In Java:
Time ago I wrote a code that downloads a webpage and then parses it to find a specific value. I used a regexp like this and everything went fine.
Pattern p = Pattern.compile("<tr.*?>.*?<td.*?>FOO:</td>.*?<td.*?>(.*?)</td>.*?</tr>", Pattern.DOTALL);
Matcher m = p.matcher(page);
m.find();
Today the webpage changed, the string FOO is no longer present, and suddenly m.find() does not return anymore, blocking my whole application.
I then started to investigate and doing some debug, and found that with a normal html page (200kb, 3000 lines), if FOO is present the above regexp works fast, otherwise it takes hours.

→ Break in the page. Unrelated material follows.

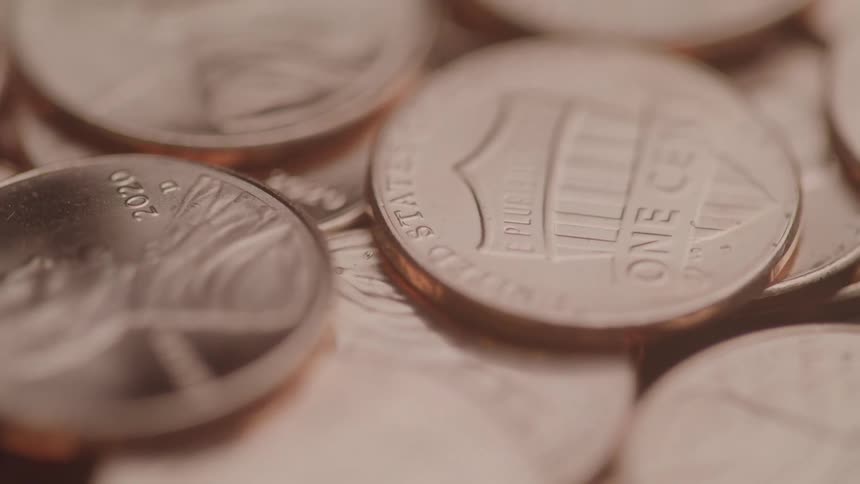 A close up view of several us pennies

Then I said.. Ok, probably the complexity of this expression justifies the long time waiting. But I wanted to verify my assumption, so I prepared some test in other languages and slightly modified the above pattern.

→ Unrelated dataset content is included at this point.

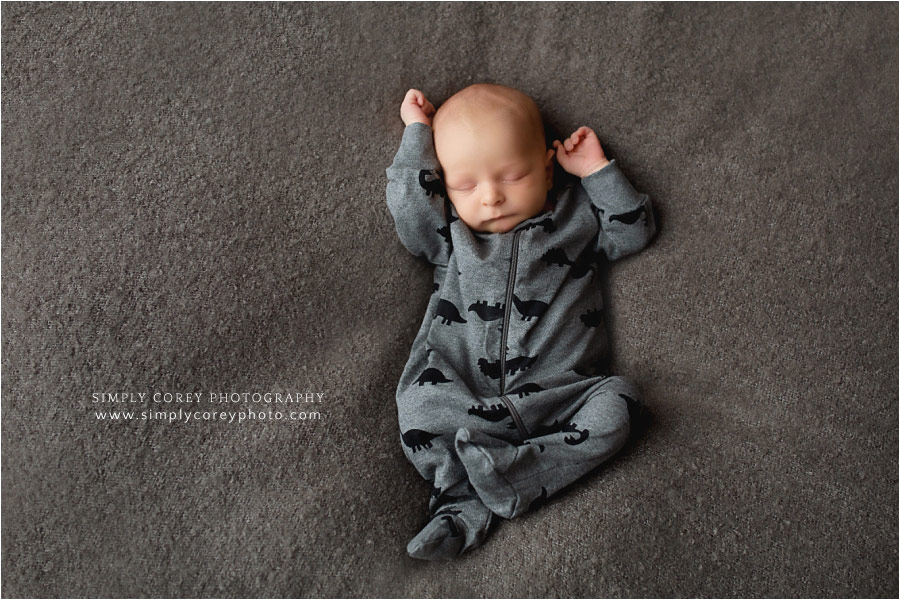 Atlanta newborn photographer, baby in dinosaur sleeper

After I saved the webpage in a file and I modified it and inserted FOO where it was supposed to be. Then I wrote 4 tests:
- to match FOO with DOT_ALL
- to unmatch BAR with DOT_ALL
- to unmatch FOO without DOT_ALL
- to unmatch BAR without DOT_ALL
You can reach the test page here: http://pastebin.com/2S9fEpxD
In perl:
cat page.html | perl -e '$str = do { local $/; <> }; $str =~ /<tr.*?>.*?<td.*?>FOO:<\/td>.*?<td.*?>(.*?)<\/td>.*?<\/tr>/s; print "$1\n";'
cat page.html | perl -e '$str = do { local $/; <> }; $str =~ /<tr.*?>.*?<td.*?>BAR:<\/td>.*?<td.*?>(.*?)<\/td>.*?<\/tr>/s; print "$1\n";'
cat page.html | perl -e '$str = do { local $/; <> }; $str =~ /<tr.*?>.*?<td.*?>FOO:<\/td>.*?<td.*?>(.*?)<\/td>.*?<\/tr>/; print "$1\n";'
cat page.html | perl -e '$str = do { local $/; <> }; $str =~ /<tr.*?>.*?<td.*?>BAR:<\/td>.*?<td.*?>(.*?)<\/td>.*?<\/tr>/; print "$1\n";'
Test 1,2 and 4 instantly return. Test 3 takes 19 seconds to finish.
In PhP:
preg_match( '#<tr.*?>.*?<td.*?>FOO:</td>.*?<td.*?>(.*?)</td>.*?</tr>#s',file_get_contents('page.html'), $vals);
preg_match( '#<tr.*?>.*?<td.*?>BAR:</td>.*?<td.*?>(.*?)</td>.*?</tr>#s',file_get_contents('page.html'), $vals);
preg_match( '#<tr.*?>.*?<td.*?>FOO:</td>.*?<td.*?>(.*?)</td>.*?</tr>#',file_get_contents('page.html'), $vals);
preg_match( '#<tr.*?>.*?<td.*?>BAR:</td>.*?<td.*?>(.*?)</td>.*?</tr>#',file_get_contents('page.html'), $vals);
All 4 tests return instantly.
In Java, again:
Just to complete my test, I also performed test 3 and 4 in Java, and it took hours, just like test 2 (but not 1, that matches, and does it quickly)
This is the code I used (test 3 in this case):
FileReader fr = new FileReader("page.html");
char[] buff = new char[(int)new File("page.html").length()];
fr.read(buff);
fr.close();
String page = new String(buff);
Pattern p = Pattern.compile("<tr.*?>.*?<td.*?>FOO:</td>.*?<td.*?>(.*?)</td>.*?</tr>" /*, Pattern.DOTALL*/);
Matcher m = p.matcher(page);
System.out.println(m.find());
Conclusion
PhP behaves better than Perl, and extremely better than Java. Why? If php is able to tell quickly when this regexp match or not, why shouldn't the same technology be ported in Java? I always though that regular expression world was fully understood by human kind and that there were no other discoveries left to do.